5. The battery pack case according to claim 1, further comprising:
a first case component; and a second case component having a region
that is coupled to the first case component, wherein a space for
housing a battery is formed by coupling the first case component
and the second case component with each other, and the first resin
portion is provided on at least one of the first case component and
the second case component.
6. The battery pack case according to claim 5, wherein the second
resin portion is respectively provided on the first case component
and the second case component, the second resin portion of the
first case component has a first coupling portion, and the second
resin portion of the second case component has a second coupling
portion to be mechanically engaged to the first coupling
portion.
7. The battery pack case according to claim 5, wherein the first
resin portion and the second resin portion are respectively
provided on the first case component and the second case component,
and the first resin portion of the first case component and the
second resin portion of the second case component are coupled with
each other.
8. The battery pack case according to claim 5, wherein the first
resin portion is respectively provided on the first case component
and the second case component, and the first resin portion of the
first case component and the first resin portion of the second case
component are coupled with each other.
9. The battery pack case according to claim 5, wherein the first
resin portion is provided on a region from the first case component
to the second case component, and the first resin portion that
connects the first case component and the second case component to
each other functions as a hinge.
10. A battery pack comprising: the battery pack case according to
claim 1, and a battery housed in the battery pack case.
11. A method of manufacturing a battery pack case, the method
comprising: an placing step of placing a resin film inside a cavity
of a molding die so that a gap does not remain between a
predetermined region of the resin film and an inner surface of the
cavity; and a molding step of molding resin by injecting the resin
into the cavity of the molding die and integrally molding the resin
with the resin film, wherein the predetermined region is a region
that is not to be covered by the resin injected in the molding
step.
12. The method of manufacturing a battery pack case according to
claim 11, further comprising a forming step of forming the resin
film into a predetermined shape defined by a molding surface that
conforms to the shape of the battery pack case, wherein in the
placing step, the resin film formed into a predetermined shape in
the forming step is placed into the molding die.
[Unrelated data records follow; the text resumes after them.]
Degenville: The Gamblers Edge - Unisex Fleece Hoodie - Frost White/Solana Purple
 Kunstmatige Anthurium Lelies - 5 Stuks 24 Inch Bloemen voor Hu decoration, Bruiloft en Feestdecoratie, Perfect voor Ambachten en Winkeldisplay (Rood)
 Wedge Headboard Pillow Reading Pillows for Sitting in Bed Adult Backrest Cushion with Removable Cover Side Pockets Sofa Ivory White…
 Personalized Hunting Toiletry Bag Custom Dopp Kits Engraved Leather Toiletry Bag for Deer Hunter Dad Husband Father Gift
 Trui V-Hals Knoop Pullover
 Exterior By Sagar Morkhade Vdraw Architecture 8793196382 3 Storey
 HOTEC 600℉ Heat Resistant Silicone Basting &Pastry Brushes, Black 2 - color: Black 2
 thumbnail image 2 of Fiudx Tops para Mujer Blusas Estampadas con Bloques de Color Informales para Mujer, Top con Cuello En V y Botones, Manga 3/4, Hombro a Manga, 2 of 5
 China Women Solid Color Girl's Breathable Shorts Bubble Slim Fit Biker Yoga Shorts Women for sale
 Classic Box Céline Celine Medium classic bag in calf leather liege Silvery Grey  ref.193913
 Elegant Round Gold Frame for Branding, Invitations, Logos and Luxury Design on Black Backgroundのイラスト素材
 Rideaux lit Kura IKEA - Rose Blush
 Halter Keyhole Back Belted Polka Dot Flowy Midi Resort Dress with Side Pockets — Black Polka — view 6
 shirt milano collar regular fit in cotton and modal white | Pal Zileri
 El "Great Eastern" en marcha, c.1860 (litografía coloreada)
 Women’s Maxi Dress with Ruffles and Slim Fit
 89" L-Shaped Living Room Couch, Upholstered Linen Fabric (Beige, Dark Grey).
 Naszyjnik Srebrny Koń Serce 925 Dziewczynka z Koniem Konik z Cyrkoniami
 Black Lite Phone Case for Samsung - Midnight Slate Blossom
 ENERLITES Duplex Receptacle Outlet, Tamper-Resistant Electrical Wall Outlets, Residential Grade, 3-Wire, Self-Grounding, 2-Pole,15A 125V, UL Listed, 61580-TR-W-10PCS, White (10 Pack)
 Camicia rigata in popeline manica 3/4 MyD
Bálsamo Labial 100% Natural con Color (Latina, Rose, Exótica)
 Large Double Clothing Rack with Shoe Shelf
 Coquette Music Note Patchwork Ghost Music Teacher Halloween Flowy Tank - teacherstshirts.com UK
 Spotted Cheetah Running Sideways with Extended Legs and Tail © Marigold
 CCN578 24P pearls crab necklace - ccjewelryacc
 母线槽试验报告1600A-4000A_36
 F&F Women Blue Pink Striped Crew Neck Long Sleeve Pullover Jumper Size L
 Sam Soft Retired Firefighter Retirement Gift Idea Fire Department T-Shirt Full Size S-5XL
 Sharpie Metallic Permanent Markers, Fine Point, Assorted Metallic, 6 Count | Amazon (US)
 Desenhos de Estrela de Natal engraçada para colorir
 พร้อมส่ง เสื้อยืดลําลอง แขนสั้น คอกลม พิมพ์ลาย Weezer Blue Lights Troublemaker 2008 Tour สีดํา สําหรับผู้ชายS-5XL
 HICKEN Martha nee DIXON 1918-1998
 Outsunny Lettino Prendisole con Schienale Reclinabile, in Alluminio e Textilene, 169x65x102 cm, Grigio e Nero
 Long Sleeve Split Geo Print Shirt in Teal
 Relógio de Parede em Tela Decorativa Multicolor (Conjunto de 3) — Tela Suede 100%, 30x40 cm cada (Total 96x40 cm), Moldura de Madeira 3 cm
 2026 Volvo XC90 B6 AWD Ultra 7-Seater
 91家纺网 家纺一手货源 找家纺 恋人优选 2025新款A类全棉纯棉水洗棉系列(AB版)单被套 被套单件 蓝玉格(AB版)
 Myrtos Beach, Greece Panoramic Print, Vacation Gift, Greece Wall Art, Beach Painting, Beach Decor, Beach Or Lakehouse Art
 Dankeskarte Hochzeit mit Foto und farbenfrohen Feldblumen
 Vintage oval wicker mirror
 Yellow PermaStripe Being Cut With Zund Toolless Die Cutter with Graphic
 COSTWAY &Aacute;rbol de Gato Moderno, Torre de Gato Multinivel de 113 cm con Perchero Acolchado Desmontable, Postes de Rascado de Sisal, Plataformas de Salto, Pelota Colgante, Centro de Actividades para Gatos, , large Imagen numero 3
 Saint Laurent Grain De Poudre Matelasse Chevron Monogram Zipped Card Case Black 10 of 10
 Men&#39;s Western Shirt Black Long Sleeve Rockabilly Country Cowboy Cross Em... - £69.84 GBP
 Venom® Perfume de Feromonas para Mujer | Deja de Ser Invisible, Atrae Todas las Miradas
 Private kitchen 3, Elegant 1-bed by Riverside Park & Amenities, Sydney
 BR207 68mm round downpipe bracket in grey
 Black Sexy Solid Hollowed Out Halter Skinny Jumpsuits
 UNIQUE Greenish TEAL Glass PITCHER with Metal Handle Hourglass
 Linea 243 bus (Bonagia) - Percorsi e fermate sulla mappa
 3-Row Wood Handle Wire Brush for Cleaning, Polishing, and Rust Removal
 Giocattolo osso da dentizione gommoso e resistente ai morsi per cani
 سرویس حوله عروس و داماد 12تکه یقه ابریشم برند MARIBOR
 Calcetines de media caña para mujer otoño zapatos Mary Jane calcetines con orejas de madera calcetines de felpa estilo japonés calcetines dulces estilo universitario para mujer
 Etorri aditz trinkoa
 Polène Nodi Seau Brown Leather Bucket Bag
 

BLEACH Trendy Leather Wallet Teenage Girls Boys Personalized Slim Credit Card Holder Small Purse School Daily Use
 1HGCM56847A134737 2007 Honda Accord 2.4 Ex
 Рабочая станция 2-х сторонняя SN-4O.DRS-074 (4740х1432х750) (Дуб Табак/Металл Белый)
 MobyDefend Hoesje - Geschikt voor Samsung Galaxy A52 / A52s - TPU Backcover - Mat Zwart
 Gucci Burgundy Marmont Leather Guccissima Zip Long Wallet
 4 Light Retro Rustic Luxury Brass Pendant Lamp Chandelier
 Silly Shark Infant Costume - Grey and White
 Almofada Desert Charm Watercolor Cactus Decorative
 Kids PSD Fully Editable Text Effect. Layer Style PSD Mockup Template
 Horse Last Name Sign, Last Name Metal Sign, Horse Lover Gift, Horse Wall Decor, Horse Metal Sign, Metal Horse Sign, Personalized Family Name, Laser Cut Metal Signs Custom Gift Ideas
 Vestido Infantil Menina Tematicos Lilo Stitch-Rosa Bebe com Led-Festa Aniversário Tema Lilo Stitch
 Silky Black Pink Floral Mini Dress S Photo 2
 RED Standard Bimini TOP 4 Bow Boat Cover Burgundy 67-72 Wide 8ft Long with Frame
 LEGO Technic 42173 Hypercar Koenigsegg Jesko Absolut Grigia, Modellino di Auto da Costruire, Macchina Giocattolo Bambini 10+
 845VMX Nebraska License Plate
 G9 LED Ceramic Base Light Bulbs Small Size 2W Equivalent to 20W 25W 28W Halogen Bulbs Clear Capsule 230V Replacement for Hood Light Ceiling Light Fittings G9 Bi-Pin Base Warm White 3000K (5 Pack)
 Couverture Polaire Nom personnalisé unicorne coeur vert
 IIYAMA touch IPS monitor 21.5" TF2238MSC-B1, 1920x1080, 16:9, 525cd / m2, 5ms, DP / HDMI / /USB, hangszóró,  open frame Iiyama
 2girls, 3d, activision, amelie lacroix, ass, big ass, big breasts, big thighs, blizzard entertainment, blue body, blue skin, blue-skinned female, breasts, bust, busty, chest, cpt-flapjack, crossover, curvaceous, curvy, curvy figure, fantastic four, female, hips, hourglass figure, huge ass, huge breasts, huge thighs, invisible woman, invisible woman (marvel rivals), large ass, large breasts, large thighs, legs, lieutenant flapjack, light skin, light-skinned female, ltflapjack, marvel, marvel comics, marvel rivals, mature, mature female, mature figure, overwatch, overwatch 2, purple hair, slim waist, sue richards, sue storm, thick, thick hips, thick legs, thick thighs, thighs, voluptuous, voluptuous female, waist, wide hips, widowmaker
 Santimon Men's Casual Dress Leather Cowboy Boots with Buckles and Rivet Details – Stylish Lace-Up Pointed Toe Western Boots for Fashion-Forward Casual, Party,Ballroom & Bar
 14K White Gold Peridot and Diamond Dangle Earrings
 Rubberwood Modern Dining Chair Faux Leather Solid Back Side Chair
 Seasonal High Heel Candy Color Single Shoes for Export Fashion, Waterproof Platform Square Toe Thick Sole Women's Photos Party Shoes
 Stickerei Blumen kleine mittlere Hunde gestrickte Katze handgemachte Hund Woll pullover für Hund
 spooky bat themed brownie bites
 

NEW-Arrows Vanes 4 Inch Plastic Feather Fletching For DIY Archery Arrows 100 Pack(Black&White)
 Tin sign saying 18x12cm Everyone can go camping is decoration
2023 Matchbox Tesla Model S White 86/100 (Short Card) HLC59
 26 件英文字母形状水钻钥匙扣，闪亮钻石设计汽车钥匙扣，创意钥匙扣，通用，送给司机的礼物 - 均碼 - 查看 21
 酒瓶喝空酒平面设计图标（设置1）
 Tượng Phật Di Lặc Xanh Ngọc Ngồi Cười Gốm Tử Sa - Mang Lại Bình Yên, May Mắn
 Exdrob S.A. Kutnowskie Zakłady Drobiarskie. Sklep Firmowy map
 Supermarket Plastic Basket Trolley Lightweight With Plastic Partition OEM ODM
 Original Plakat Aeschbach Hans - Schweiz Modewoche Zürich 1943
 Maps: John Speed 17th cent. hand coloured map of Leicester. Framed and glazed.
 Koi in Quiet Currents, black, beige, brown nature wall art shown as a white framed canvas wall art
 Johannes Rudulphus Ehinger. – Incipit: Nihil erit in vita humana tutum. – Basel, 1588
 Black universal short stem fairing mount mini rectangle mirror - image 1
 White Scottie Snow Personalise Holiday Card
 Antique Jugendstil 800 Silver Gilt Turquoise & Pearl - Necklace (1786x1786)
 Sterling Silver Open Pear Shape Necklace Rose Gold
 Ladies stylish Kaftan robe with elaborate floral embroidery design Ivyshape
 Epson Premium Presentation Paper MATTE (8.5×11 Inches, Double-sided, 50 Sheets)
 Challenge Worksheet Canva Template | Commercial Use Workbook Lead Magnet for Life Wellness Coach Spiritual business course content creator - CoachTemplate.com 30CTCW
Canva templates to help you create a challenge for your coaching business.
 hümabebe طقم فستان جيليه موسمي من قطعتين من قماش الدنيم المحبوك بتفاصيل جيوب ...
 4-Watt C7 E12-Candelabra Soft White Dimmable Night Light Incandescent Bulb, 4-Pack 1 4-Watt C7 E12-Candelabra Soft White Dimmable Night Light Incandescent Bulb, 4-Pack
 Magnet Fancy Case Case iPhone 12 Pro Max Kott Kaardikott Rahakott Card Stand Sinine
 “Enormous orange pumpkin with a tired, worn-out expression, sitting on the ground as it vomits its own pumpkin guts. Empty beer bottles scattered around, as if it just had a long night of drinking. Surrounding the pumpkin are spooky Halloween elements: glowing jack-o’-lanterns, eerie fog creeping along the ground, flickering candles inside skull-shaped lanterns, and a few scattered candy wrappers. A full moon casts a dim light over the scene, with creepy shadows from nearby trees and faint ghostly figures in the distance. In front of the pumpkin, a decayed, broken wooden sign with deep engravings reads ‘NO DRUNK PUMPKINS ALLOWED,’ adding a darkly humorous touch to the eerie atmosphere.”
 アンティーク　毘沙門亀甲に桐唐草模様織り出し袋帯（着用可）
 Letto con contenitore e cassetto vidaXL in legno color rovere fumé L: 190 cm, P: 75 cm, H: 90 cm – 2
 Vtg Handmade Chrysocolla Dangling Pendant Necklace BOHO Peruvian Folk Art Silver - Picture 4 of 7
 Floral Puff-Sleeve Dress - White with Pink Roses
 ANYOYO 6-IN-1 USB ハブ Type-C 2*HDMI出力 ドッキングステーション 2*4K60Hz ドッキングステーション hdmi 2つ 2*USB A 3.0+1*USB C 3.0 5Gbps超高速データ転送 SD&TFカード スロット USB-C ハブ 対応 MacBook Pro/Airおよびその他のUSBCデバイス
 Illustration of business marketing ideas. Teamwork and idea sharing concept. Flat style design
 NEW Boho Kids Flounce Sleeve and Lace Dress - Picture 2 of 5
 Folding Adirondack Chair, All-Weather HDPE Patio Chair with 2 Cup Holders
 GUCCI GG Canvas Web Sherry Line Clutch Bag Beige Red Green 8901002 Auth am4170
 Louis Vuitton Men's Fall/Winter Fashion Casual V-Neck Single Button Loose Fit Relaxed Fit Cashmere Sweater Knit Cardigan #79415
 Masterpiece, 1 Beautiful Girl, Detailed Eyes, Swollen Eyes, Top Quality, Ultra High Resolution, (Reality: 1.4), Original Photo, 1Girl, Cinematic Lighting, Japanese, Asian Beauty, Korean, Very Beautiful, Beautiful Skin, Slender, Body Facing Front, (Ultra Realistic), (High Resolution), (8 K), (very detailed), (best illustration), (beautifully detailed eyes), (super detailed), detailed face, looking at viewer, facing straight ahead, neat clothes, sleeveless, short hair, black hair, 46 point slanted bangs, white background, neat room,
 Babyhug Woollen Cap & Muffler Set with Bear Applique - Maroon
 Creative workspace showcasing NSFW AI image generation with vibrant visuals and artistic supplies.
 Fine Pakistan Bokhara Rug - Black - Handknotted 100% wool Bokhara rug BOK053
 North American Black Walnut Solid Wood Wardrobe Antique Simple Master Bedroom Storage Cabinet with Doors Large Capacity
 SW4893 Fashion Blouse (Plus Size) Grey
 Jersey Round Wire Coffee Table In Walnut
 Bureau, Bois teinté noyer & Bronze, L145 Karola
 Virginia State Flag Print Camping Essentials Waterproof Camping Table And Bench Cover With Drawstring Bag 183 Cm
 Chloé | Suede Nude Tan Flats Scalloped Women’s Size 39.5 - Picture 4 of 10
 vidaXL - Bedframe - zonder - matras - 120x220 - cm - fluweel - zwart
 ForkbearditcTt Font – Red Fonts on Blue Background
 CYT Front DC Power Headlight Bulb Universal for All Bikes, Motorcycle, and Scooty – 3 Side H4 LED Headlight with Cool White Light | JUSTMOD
13. A method of manufacturing a battery pack, wherein the battery
pack at least houses a battery in a battery pack case manufactured
by the method of manufacturing a battery pack case according to
claim 11.
Description
TECHNICAL FIELD
[0001] The present invention relates to a battery pack case and a
method for manufacturing the same, and a battery pack and a method
for manufacturing the same.
BACKGROUND ART
[0002] Conventionally, as disclosed in Patent Documents 1 and 2
listed below, a battery pack case made of a resin-molded article
obtained by injection-molding a resin is known. With a battery pack
case formed by injection molding, a thickness of around 0.8 mm is
required to secure fire retardancy as stipulated in UL
(Underwriters Laboratories Inc.) 94. Meanwhile, Patent Document 3
below discloses a battery pack case obtained by fitting a resin
sheet material with a thickness of around 0.2 mm into a molding die
having a rectangular box-shaped recessed part to be molded and then
cooled and solidified. Since this battery pack case has a wall
thickness of around 0.2 mm, the case has thinner walls than
injection-molded articles.
[0003] However, molding by fitting a sheet material into a molding
die is problematic in that shapes of a battery pack case are
restricted. In other words, when carrying out molding by fitting a
sheet material into a molding die, since reshaping of the sheet
material is limited to some bending or the like, even a slightly
complicated shape is difficult to mold. In addition, since requests
for varying wall thickness from one region to another or the like
cannot be accommodated, there is a problem in that case shapes are
restricted.
[0004] Patent Document 1: Japanese Patent Application Laid-open No.
2001-58332
[0005] Patent Document 2: Japanese Patent Application Laid-open No.
2003-249771
[0006] Patent Document 3: Japanese Patent Application Laid-open No.
2003-197168
DISCLOSURE OF THE INVENTION
[0007] The present invention has been made in consideration of the
above, and an object thereof is to enable formation of thin-wall
portions while securing fire retardancy and to ensure that shapes
of a battery pack case are not restricted.
[0008] In order to achieve the object described above, the present
invention provides a battery pack case including: a first resin
portion constituted by a fire-retardant resin film; and a second
resin portion in which resin is integrally molded with the first
resin portion while retaining a predetermined region of the first
resin portion.
[0009] The present invention provides a battery pack including: the
aforementioned battery pack case; and a battery housed in the
battery pack case.
[0010] The present invention provides a method of manufacturing a
battery pack case including: an placing step of placing a resin
film inside a cavity of a molding die so that a gap does not remain
between a predetermined region of the resin film and an inner
surface of the cavity; and a molding step of molding resin by
injecting the resin into the cavity of the molding die and
integrally molding the resin with the resin film.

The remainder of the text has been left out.